The process we are going to follow in order to compare with the normal distribution is the following:

1. Pick a sample size
2. Perform multiple experiments using the determined sample size and keep track of the sample mean for each experiment
3. Normalise the sample means
4. Convert the results into a histogram and compare with the normal distribution

Let’s see how steps 1-3 look like.

Performing 100 experiments with a sample size of 50

The next step is to convert the above dot plot into a histogram:

The histogram is nothing more than the points from the previous plot converted into bars.
One problem remains before we do the comparison: The histogram currently counts the number of experiments that fell into each bin but we want to compare this to a normal distribution.

The solution to this problem is to switch from count to frequency, e.g. if a bin contains 10 experiments and we have performed 100 experiments in total then the frequency of that bin is 10/100=0.1.

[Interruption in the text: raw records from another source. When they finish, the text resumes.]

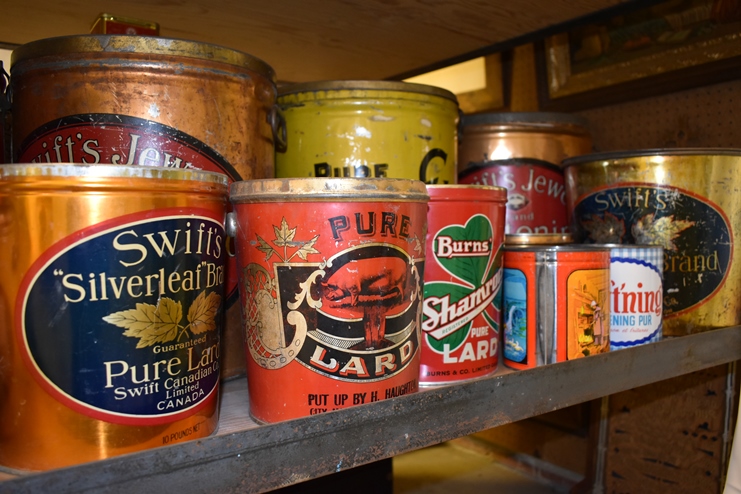A collection of vintage lard tins on a shelf.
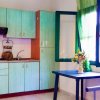 Cucina con pensili verde acqua, tavolino blu con vaso di fiori e finestra con tenda verde.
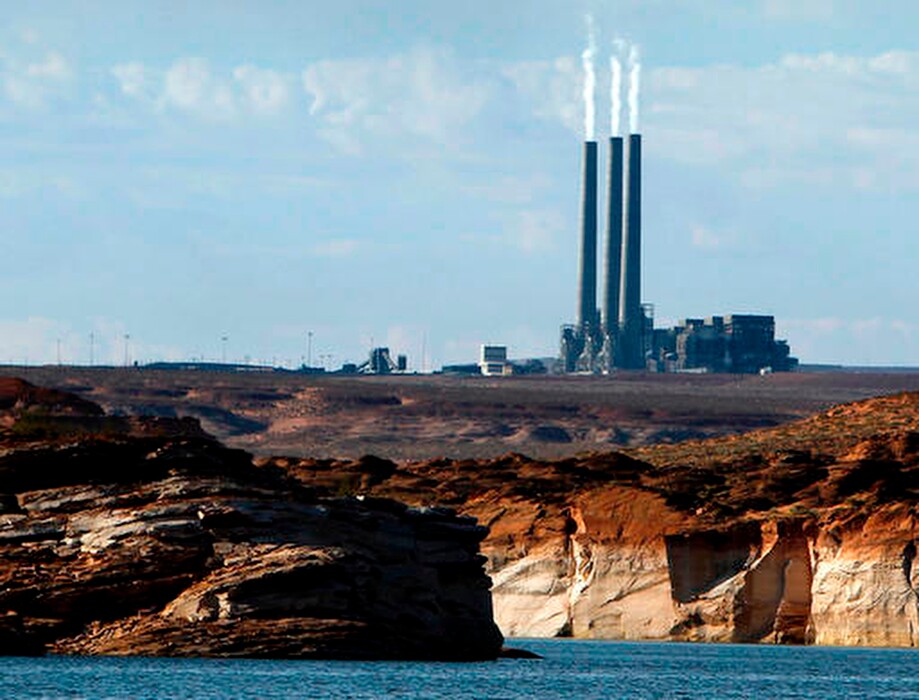 (Ross D. Franklin | AP file photo) In this Sept. 4, 2011, file photo, smoke rises from the stacks of the main plant facility at the Navajo Generating Station, as seen from Lake Powell in Page, Ariz. The owners of one of the largest coal-fired power plants in the West say negotiations with a tribe to take over the plant have hit an impasse. A Navajo Nation energy company has been talking with owners of the Navajo Generating Station to buy the plant that's scheduled to shut down in December.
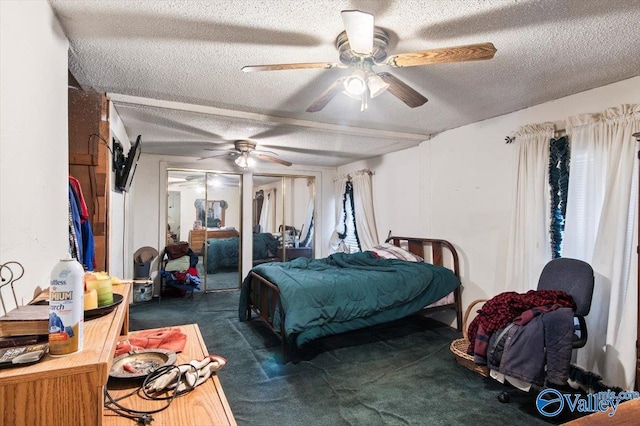 carpeted bedroom featuring ceiling fan and a textured ceiling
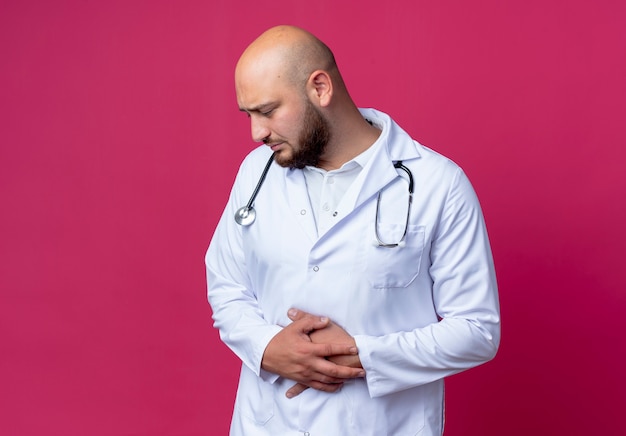 guardando giù triste giovane medico maschio che indossa veste medica e stetoscopio afferrò lo stomaco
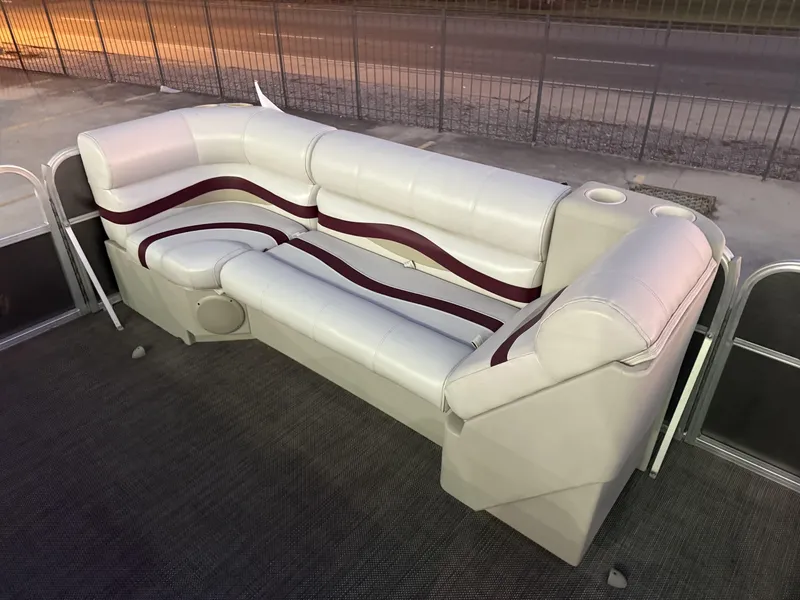 Slide: The Image of Luxurious white and maroon seating on a 2008 South Bay 25 pontoon boat. - 5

Hooray!! We managed to establish a procedure with which we can compare to a normal distribution!! Let’s see now how the comparison looks like for various sample sizes / number of experiments.

We can clearly see that the number of experiments is the determining factor in how the distribution looks like. For example, in the first row where we have 100 experiments, the distribution does not fit the ideal normal so snugly regardless of how big the sample size is.
Once we increase the number of experiments to 500 or 1000, even for small sample size (15) the distribution is a tight fit.

2. Poisson distribution

The second distribution we are going to use for exploring the Central Limit Theorem is the Poisson, with a value of λ=1.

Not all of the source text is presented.